> [Aim of the exercise]: Nothing but the lines below from the one containing "Fiat Punto evo 1.3 mjt 2015 (Autocarro)" through the one containing "Camp Atterbury museum opening" should appear in the answer, exact and without pictures.

(Short text fragments from websites)
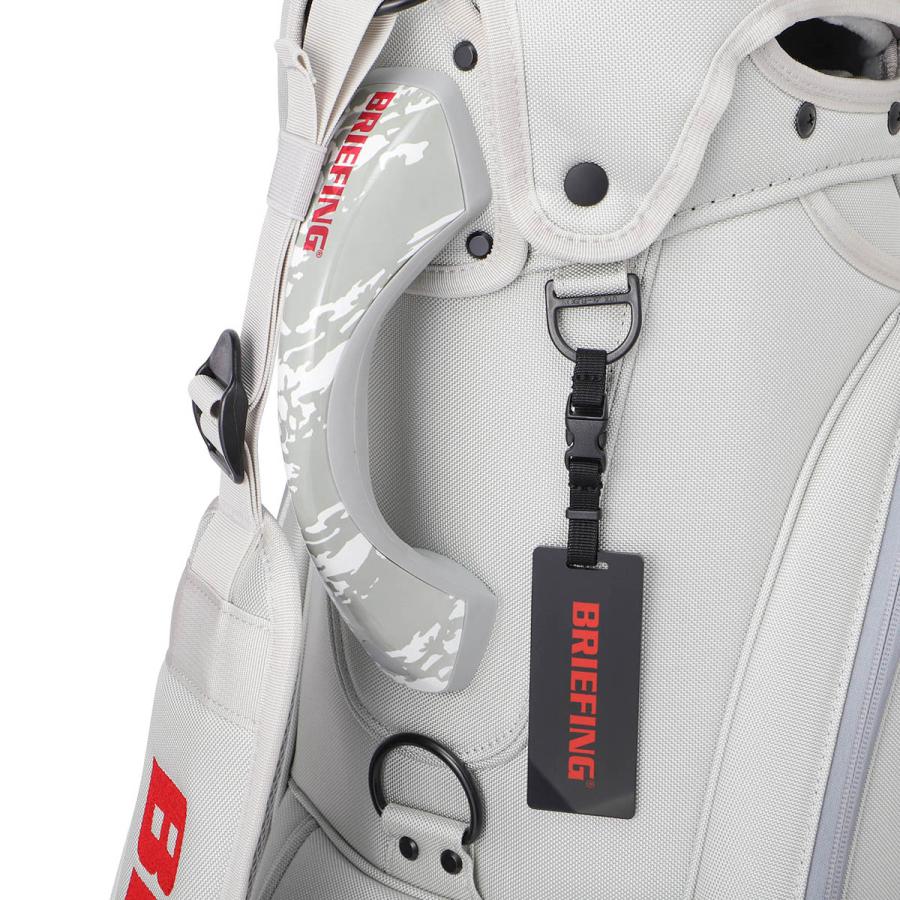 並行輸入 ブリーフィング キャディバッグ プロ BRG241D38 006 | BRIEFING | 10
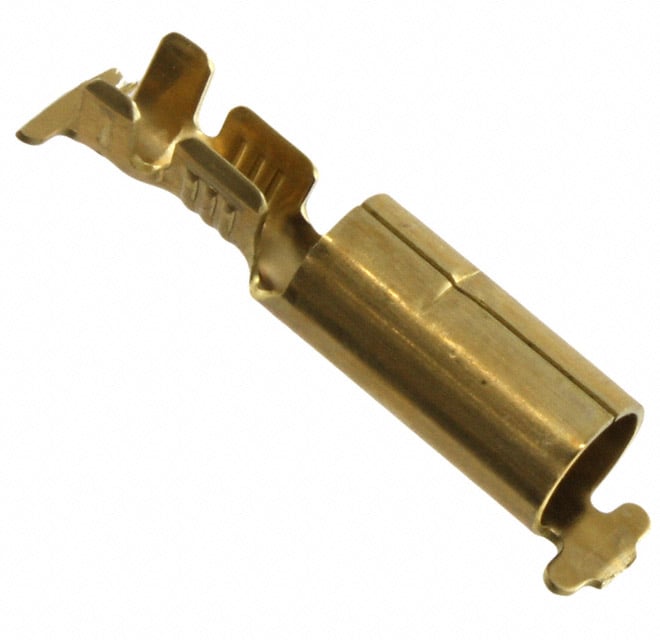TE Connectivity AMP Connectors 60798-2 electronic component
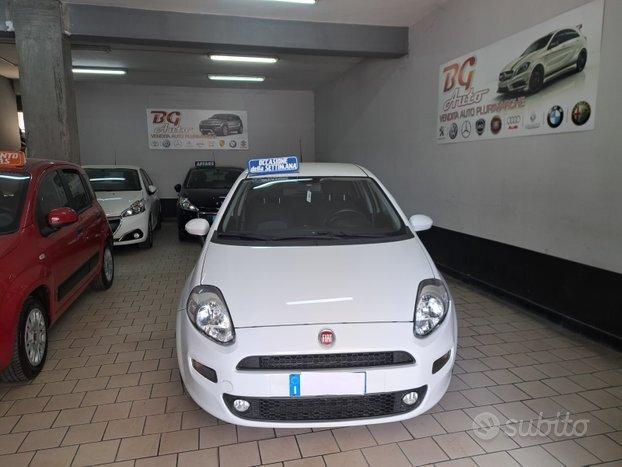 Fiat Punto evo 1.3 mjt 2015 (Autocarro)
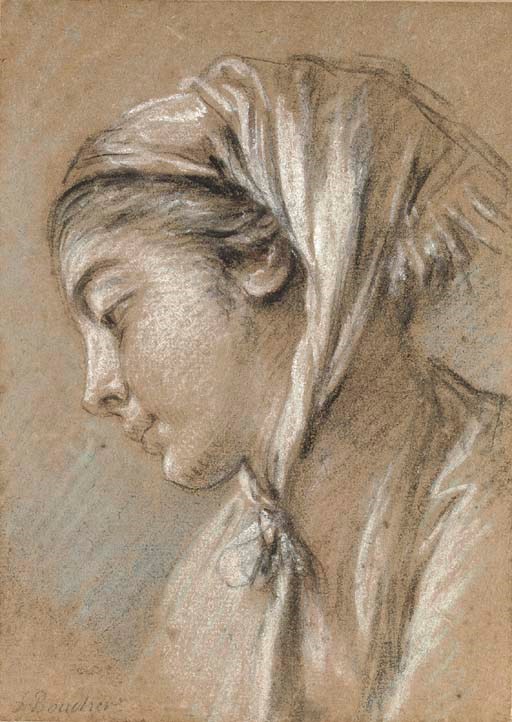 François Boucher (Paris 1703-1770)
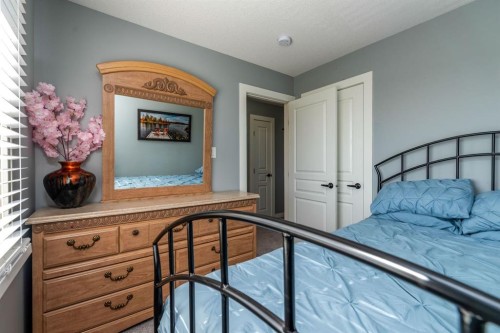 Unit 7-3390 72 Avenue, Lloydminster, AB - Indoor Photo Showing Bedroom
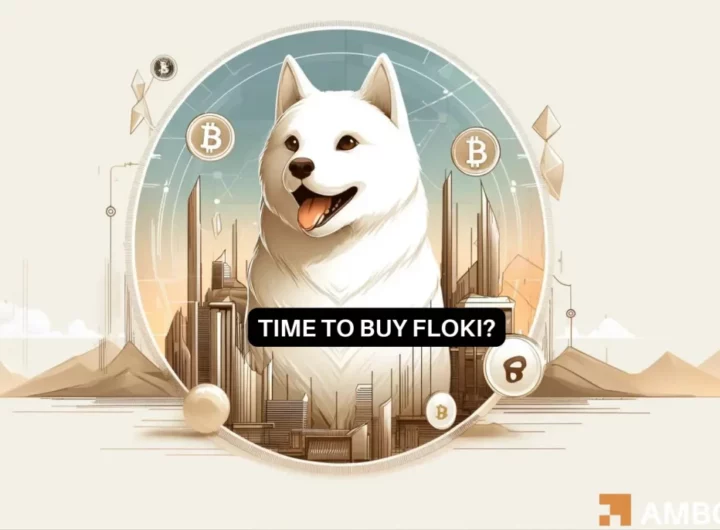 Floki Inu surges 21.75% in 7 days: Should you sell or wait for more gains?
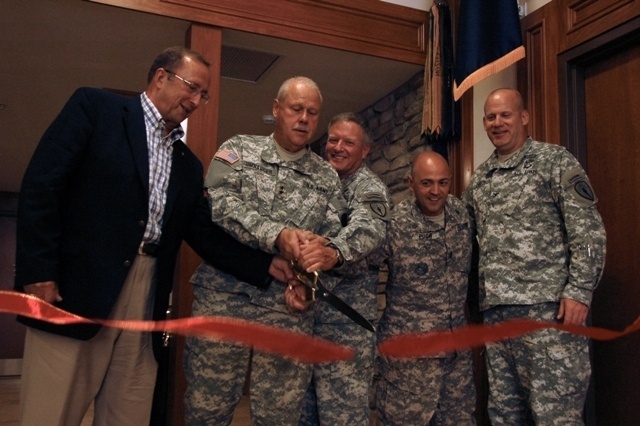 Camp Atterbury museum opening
...
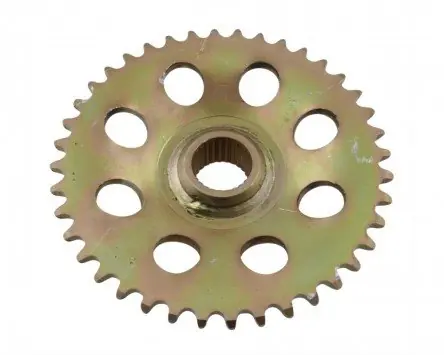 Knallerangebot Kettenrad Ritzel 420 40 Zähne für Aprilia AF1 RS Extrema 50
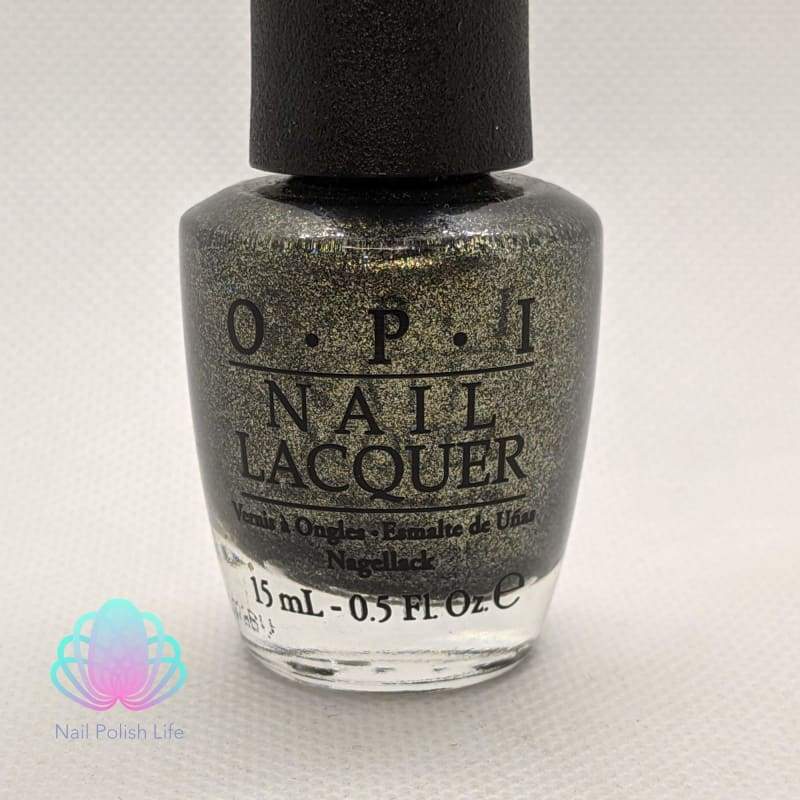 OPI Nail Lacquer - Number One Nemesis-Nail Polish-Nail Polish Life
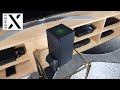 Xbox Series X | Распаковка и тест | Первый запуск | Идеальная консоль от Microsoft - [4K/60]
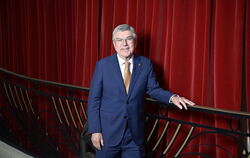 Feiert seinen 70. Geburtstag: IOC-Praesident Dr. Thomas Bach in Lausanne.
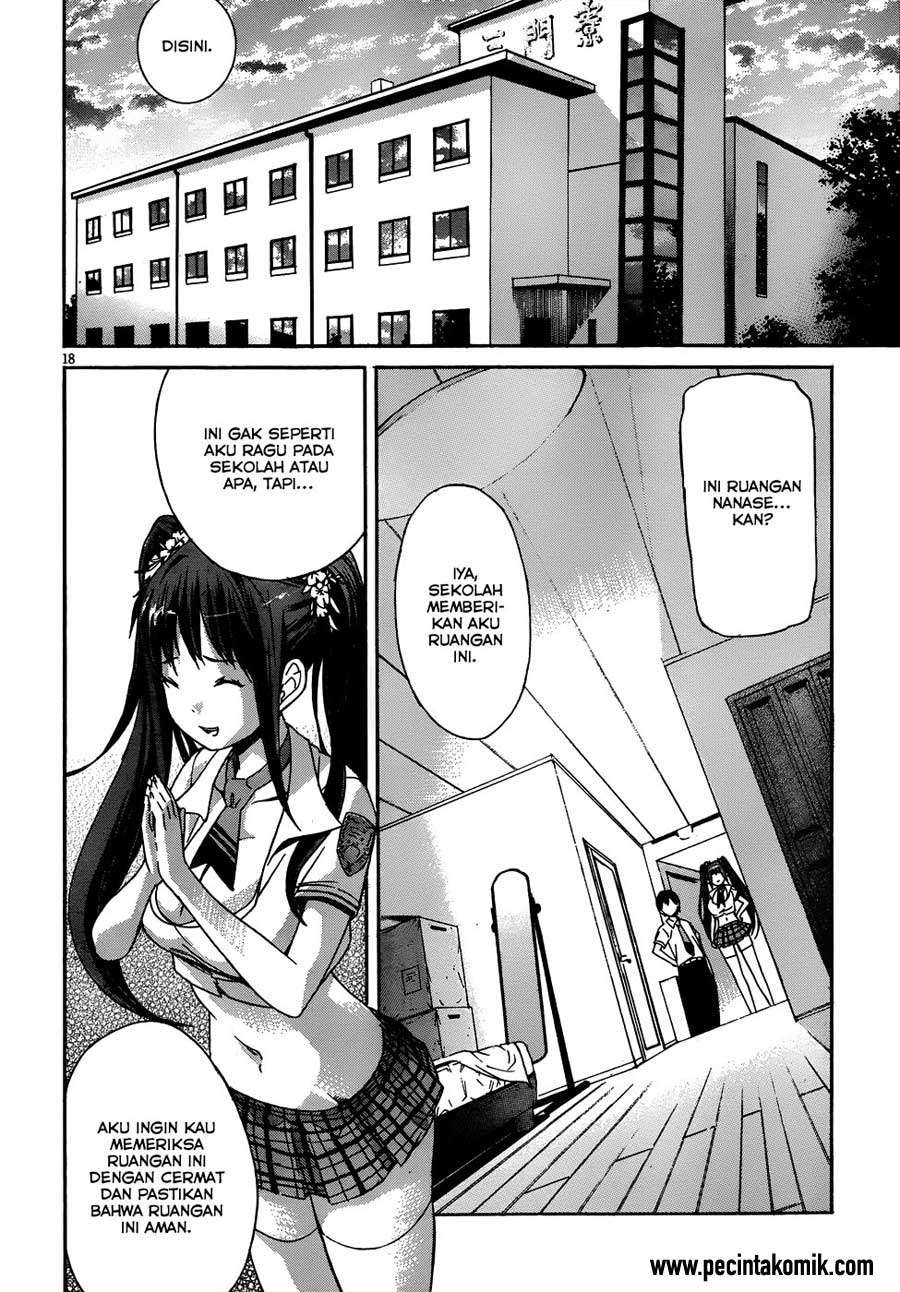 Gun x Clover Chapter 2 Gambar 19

> [Response to the task]:
 Fiat Punto evo 1.3 mjt 2015 (Autocarro)
 François Boucher (Paris 1703-1770)
 Unit 7-3390 72 Avenue, Lloydminster, AB - Indoor Photo Showing Bedroom
 Floki Inu surges 21.75% in 7 days: Should you sell or wait for more gains?
 Camp Atterbury museum opening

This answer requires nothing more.